Glass's family did not see the value of women pursuing further education, but Glass was motivated to study social work due to the mental health struggles of her mother and sister. She decided to pursue a PhD, beginning with master's classes in social work at Rutgers, and her father and Yossi initially allowed it. She learned more about communities outside of her own during graduate school, as well as her own sexuality. Yossi told their rabbi that Glass was spending too much time on academics, and the rabbi decided Glass should stop. Glass decided that she needed to divorce Yossi, against the wishes of her family and his own. She finally negotiated a divorce via agreeing to a restrictive get, a rabbinical divorce contract. Under threat of losing custody of her children, she pledged to raise them in accordance with their traditions and with a new Jewish husband.

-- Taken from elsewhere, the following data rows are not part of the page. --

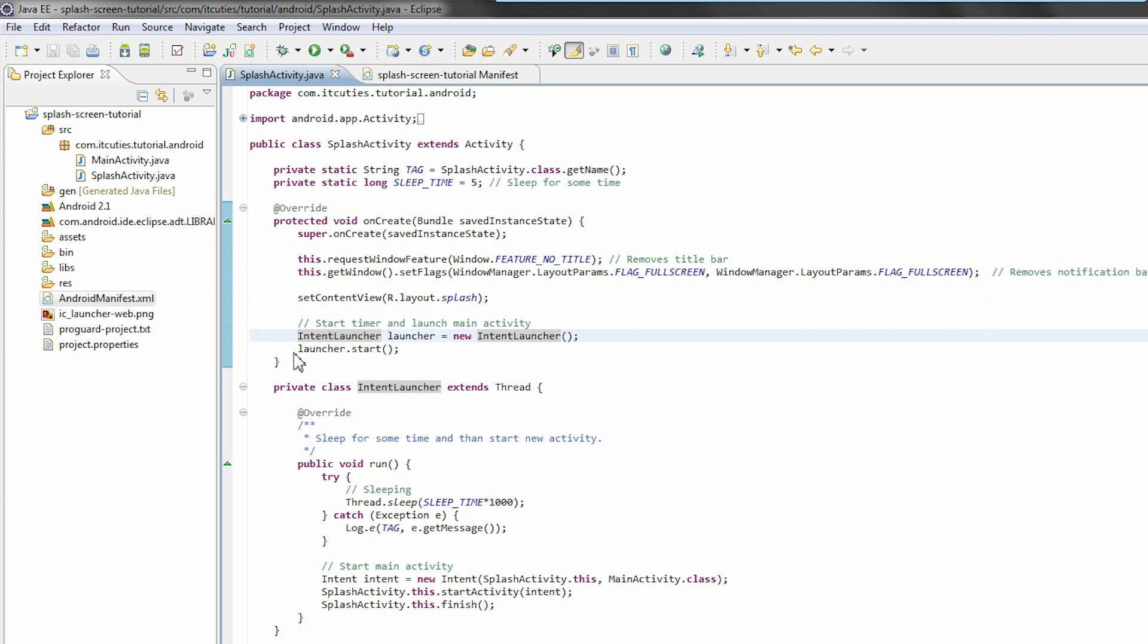Next, we create and start an intent launcher, which is a thread. What does it do?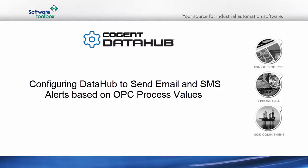In this video I'm going to show you how to use the Cogent Data Hub to send email and SMS alerts from an OPC data source.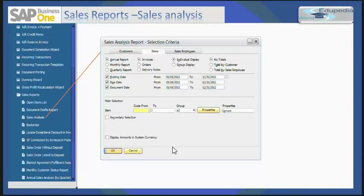A graphical display helps the information analysis. This report helps in determining which of your products are most successful within the market. It gives relative analytical data in combination of item, date, and customer. This report also helps the analyzer to analyze the sales trend of an item within a given period.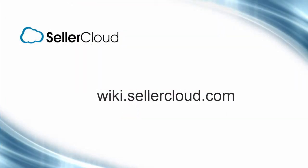For more information about item specifics for eBay, please visit wiki.sellercloud.com.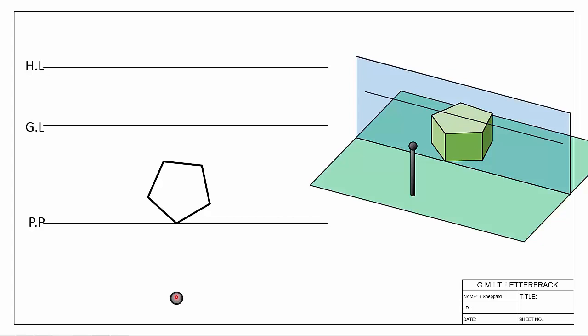Looking at our object, we have a pentagonal prism — here it is in 3D and here it is in plan view looking from above. We can see clearly that we have more than two directions: edges going in this direction, this direction, this direction, this direction, and this direction — five distinct directions to deal with. In this question we only need four vanishing points to complete the exercise, but you can have as many as you have directions.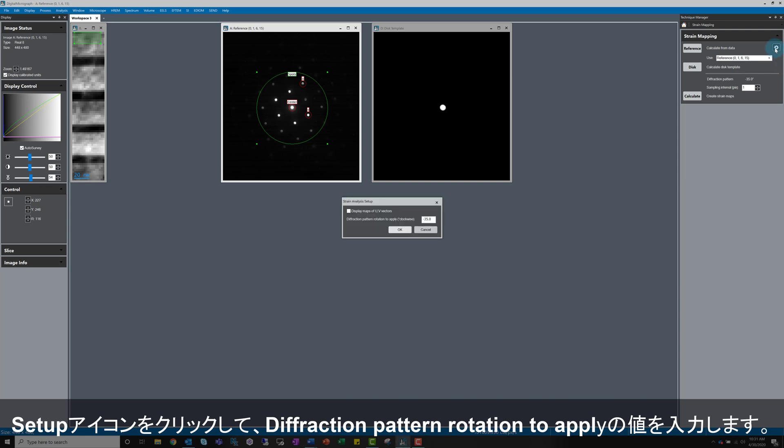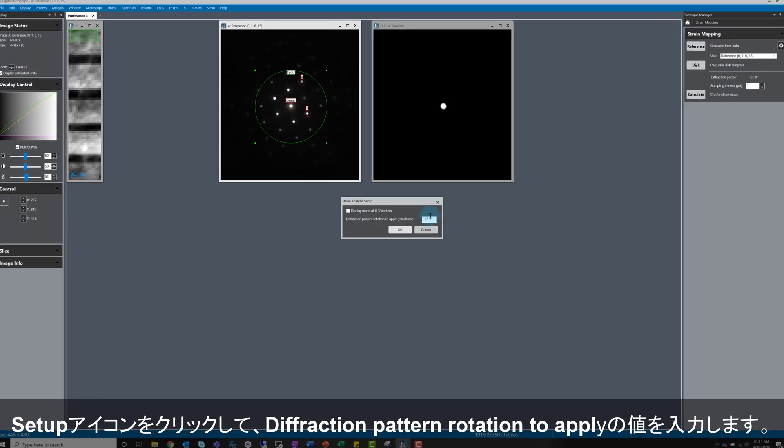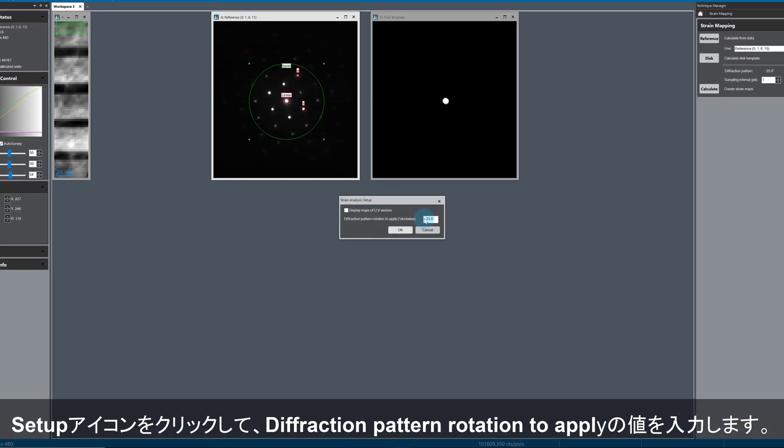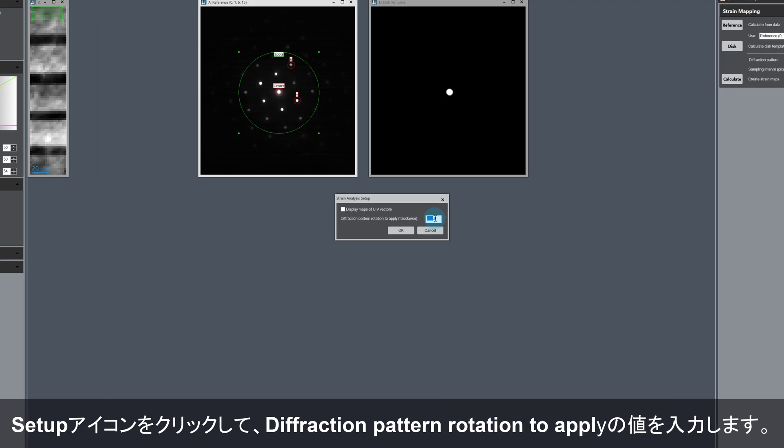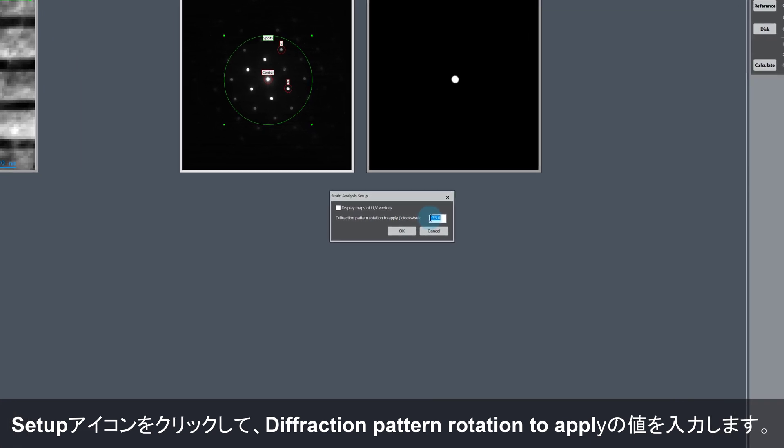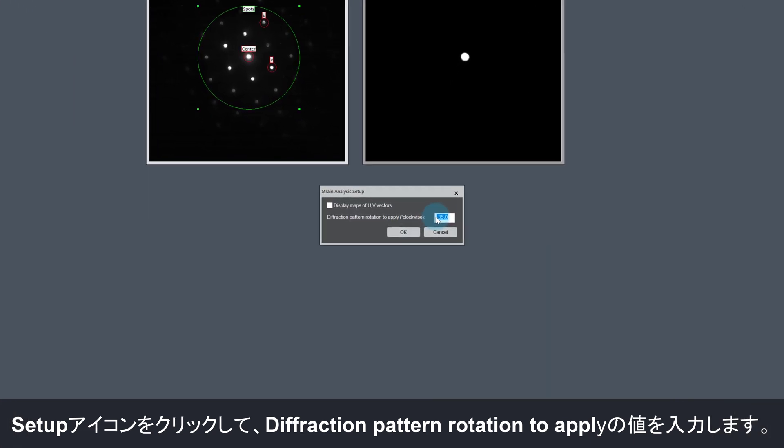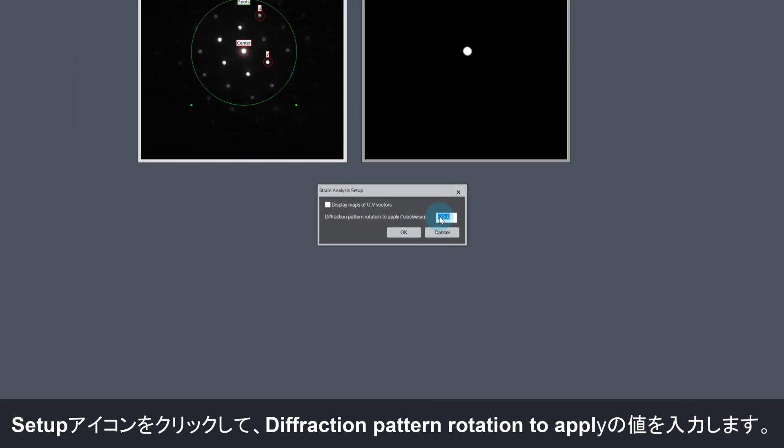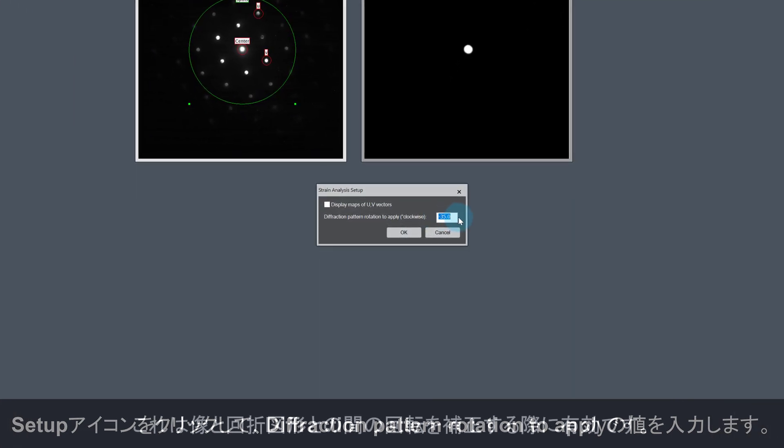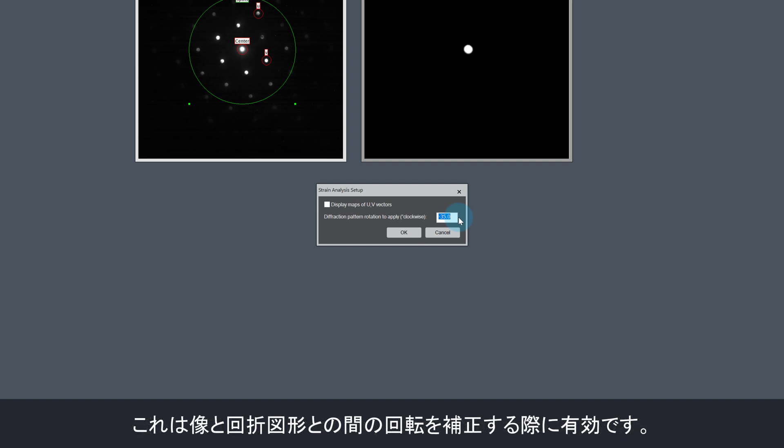If you click on the setup icon in the top right corner of the strain mapping window, you can enter the diffraction pattern rotation angle. This is useful because in most cases there is a rotation between imaging and diffraction modes in the microscope.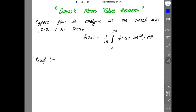Next is Gauss's Mean Value Theorem — a small, simple concept. Suppose F(z) is analytic in the closed disk |z − z₀| ≤ r, centered at z₀ with radius r. Then F(z₀) = (1/2π) ∫₀²π F(z₀ + re^(iθ)) dθ. You have to prove this by simply applying Cauchy's first integral formula.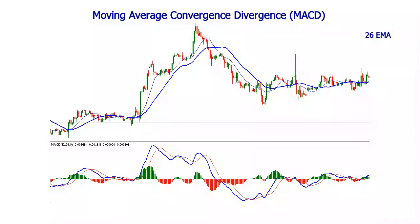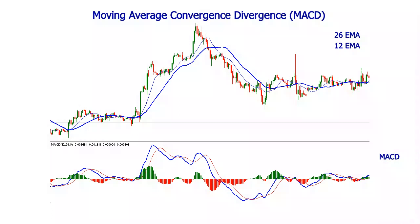The indicator calculates the difference between a 26 and a 12 period exponential moving average, and plots it on the chart as a line. The second line of the indicator is called the signal line, and it is a 9 period simple moving average of the MACD values.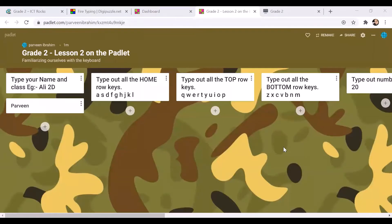Hello, so today I'm going to show you how you can complete this activity. It's very simple. Before we start, I want to remind you to keep your hands on the home row — that will be your starting position.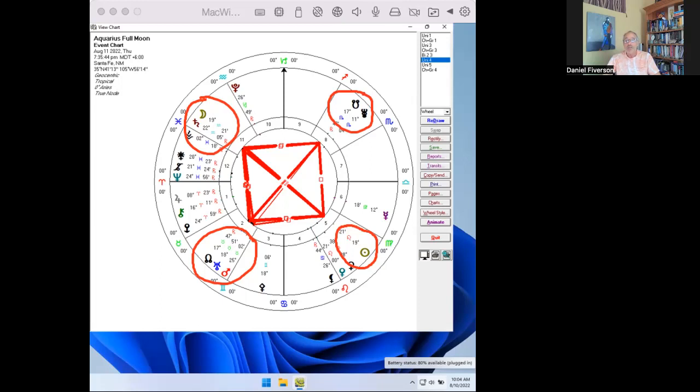On August 28th, Saturn will perfect the exact square to the lunar nodes. Since Saturn orbits very slowly, this perfection will persist across multiple days. When a planet squares the lunar nodes, it implies that either the past has not been reconciled or the future is vague and undefined. In this case, it is the former condition.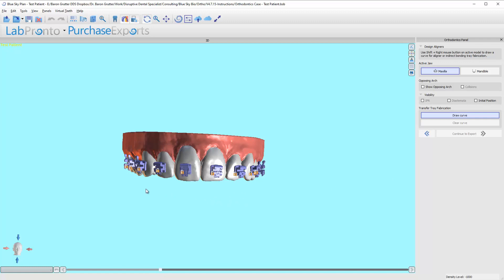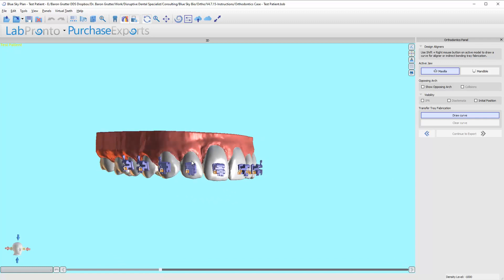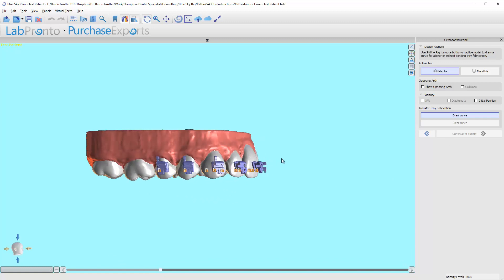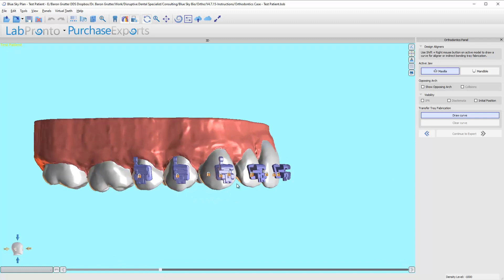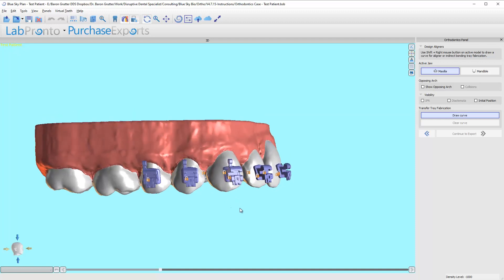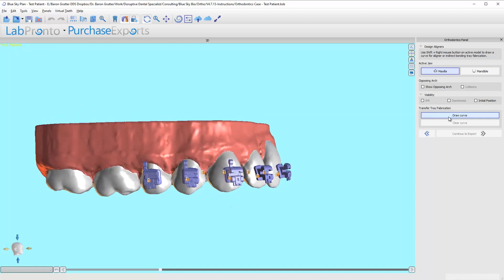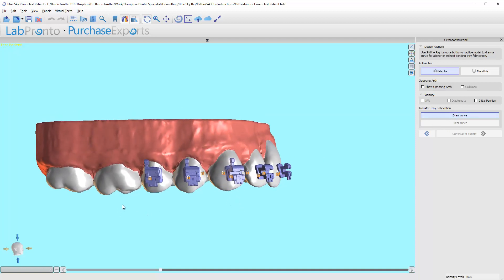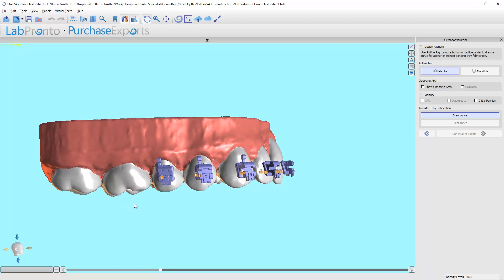If you use the surgical guide software, this is going to be pretty easy. It's already highlighted to draw the curve. We're going to hold the shift button on our keyboard.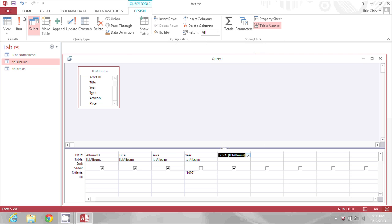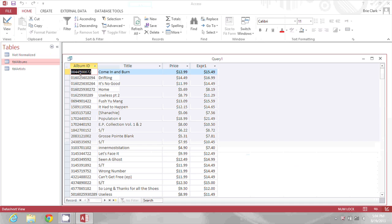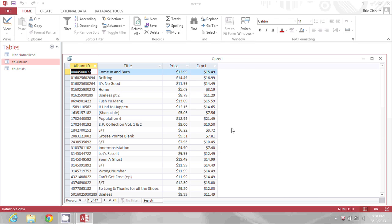When I click run I should see the result of adding $2.50 to each of my prices. $12.99 becomes $15.49 and so on.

Glass then applied to doctorate programs and lived in poverty. At the same time, she began to try pursuing previously banned activities, and tried dating women as well as men. She married Eli, a considerate and wealthy man who supported her doctoral studies, and became a psychotherapist. She was able to retain her connection to her children and began educating them outside the Gur Hasidic system. However, in mourning the death of her closest sister, she lost her connection to Eli and they divorced. Glass moved to Manhattan and expanded her psychotherapy practice, working with LGBTQ people. She also came out as a lesbian.

== Publication ==
Kissing Girls on Shabbat: A Memoir was released on June 11, 2024, by One Signal (Atria).

== Reception ==
Kissing Girls on Shabbat was named a 2025 Stonewall Honor Book in Non-Fiction.

Phoebe Maltz Bovy, reviewing in an opinion piece for The Canadian Jewish News, named the book "an important testimony, an LGBTQ memoir, a story of family mental health crises: alcoholism, disordered eating, and suicide all make appearances." Bovy found the book to contain some dark humor, erotic moments that seemed designed for male readers, many open questions over the conflict between control and taboo sexuality, and some awkward asides about race, with no mention of current Israeli conflicts. Kirkus Reviews named the book "a courageously candid memoir" that argued for personal freedom. Neal Gendler, for The Jerusalem Post, agreed about the book's honesty, and called it "a story so beautifully told and engrossing that it’s hard to put down."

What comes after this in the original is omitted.